I posted this comment on the article:
I’m having trouble understanding why everyone seems to have such a problem with the AP’s approach here. What’s the difference for the user? You click a link, you get to the full content, you read it. Perhaps people are confused and don’t realize you a) don’t have to be logged in to Facebook or even have a Facebook account to read the article, nor do you b) have to become a fan of their page to read the content. So why is this such a negative thing? (LINK)
There are many benefits (they might pick up new fans on their Facebook page, people can more easily share the content with their friends, etc.) but I don’t know why everyone is having a problem with this unless they misunderstand that you don’t have to actually have a Facebook account to view the content.

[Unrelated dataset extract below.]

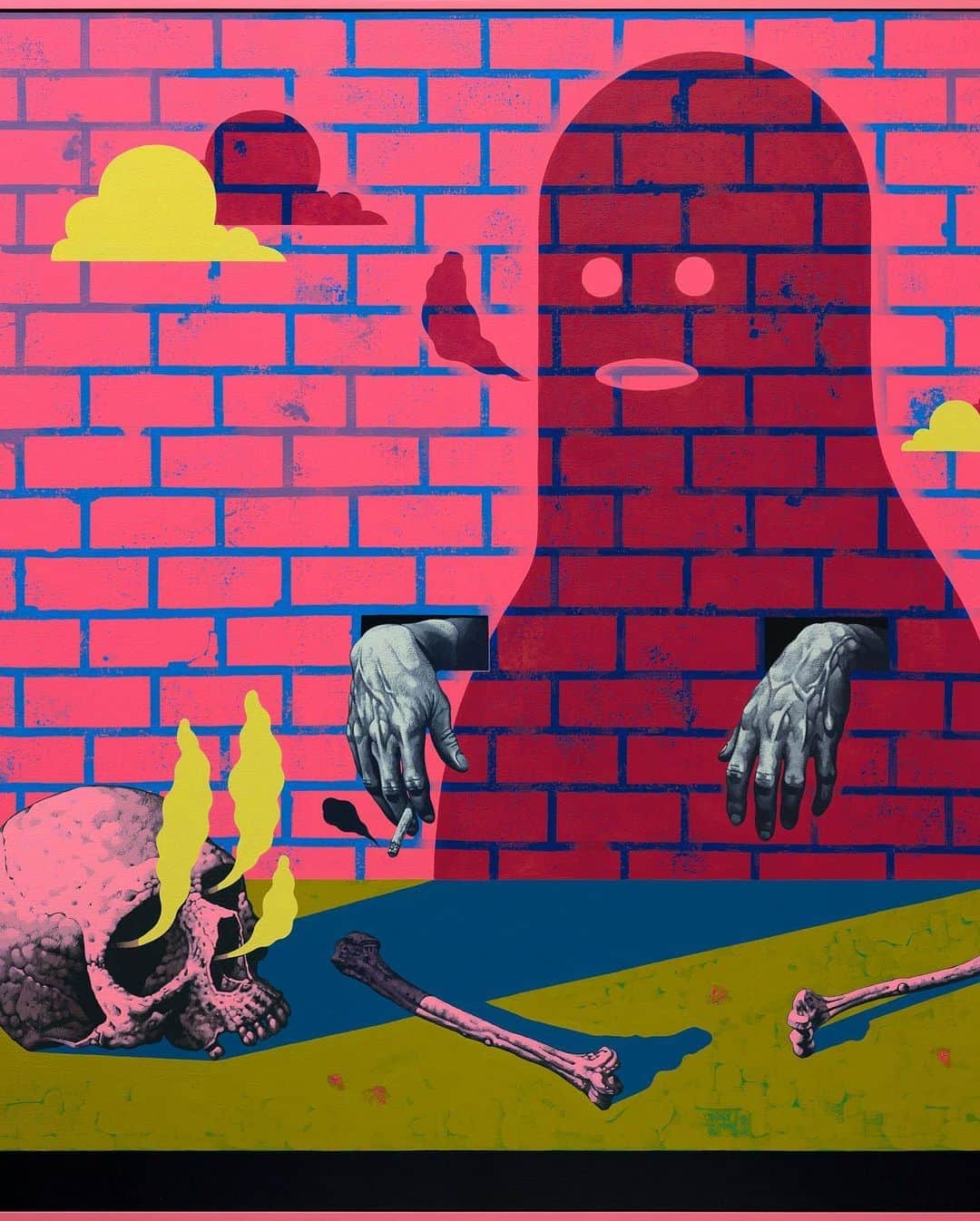 Juxtapoz Magazineさんのインスタグラム写真 - (Juxtapoz MagazineInstagram)「“The motif presented itself while I was scheming on ideas in response to the social distancing guidelines imposed on us and what could possibly represent confinement or human-built separation dividers. I wanted the wall to embody the vibe of a confined environment, but also represent solid barriers that the figures were either hiding behind, trapped behind, or trying to break through. It also occurred to me that the brick wall was a great replacement for the patterning usually found in my work.” — @reederone on his new show, “Brick & Mortar” with @hashimotocontemporary • Full interview on our site now  “Brick & Mortar” opens virtually Saturday, October 3rd at 2pm Pacific with an Instagram live walk- through on Hashimoto’s account with #MichaelReeder」10月2日 11時50分 - juxtapozmag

What I think is happening is that people don’t really understand the very different value that Twitter and Facebook allow publishers to tape into. The people commenting negatively on this seem to think they’re brilliant for saying, “Why would anyone use one social network to point people to another social network?”.
Well, maybe because Twitter is more of a publishing, directional medium than it is a social network. What’s the difference between what the AP is doing and someone posting that they have a new blog post on their Twitter feed, only to then <GASP> have a link on Twitter that takes someone to <DOUBLE GAPS> their blog, i.e. another social network.
I get really tired of people thinking they’re so smart when they don’t realize what they’re saying.